- Born: Kourtney Horner Des Moines, Iowa, United States
- Occupations: Actress, dancer, on-air personality
- Years active: mid-2000s-present
- Spouse: Jeremy McComb (2013–present)
- Children: 2 and 1 step

= Kourtney Hansen =

American actress (born c. 1980)

Kourtney Horner, known by her stage name Kourtney Hansen is an American entrepreneur, actress, dancer, and on-air radio personality. She is known for her recurring role as Emily on the television series Nashville. She is married to Jeremy McComb.

==Background==
She was born and raised in Des Moines, Iowa. As Kourtney Horner, she was a 2003 graduate of Drake University in theatre, earning a Bachelor of Fine Arts degree. Upon graduation, she co-founded Paw Pro's, an in home pet care business, with her childhood friend Kristin Duax. She has experience as a morning radio onair sidekick for Hatfield and McCoy on Des Moines' KJJY. She also worked in professional theatre. She moved to Nashville in 2008. After moving to Nashville, Hansen founded Paw Pro's Tennessee there and turned over her Paw Pro's Iowa business to her mother.

==Career==
She is dance team captain for the Nashville Predators and has performed in music videos such as Keith Urban's 2008 "Sweet Thing", Luke Bryan's 2009 "Do I" and Jeremy McComb's 2008 "This Town Needs a Bar". "Do I" won the USA Weekend Breakthrough Video of the Year at the 2010 CMT Music Awards.
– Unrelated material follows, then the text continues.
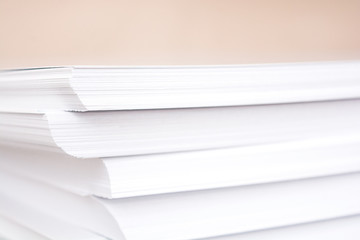 Stack of white paper. Blurring background. The corners of sheets of paper close-up.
She joined CMT in 2010, where she is a correspondent on CMT Insider. She is also a broadcast personality for the Predators. She landed her role on Nashville, where she plays the assistant to Hayden Panettiere's Juliette Barnes, through her Nashville talent agent Mark Block. At The Block Agency website, Hansen is listed as a 5 ft 5 in talent. She has starred in commercials for NV Energy PowerShift and 1-800-PetMeds.

==Personal life==
In September 2012, she was engaged to Jeremy McComb. The couple wed on May 4, 2013. Kourtney has two sons named Knox McComb and Ryker Aurelius McComb. She has two half brothers who are her senior. Her grandfather owned the Iowa School of Beauty. Her mother's name is Kathy.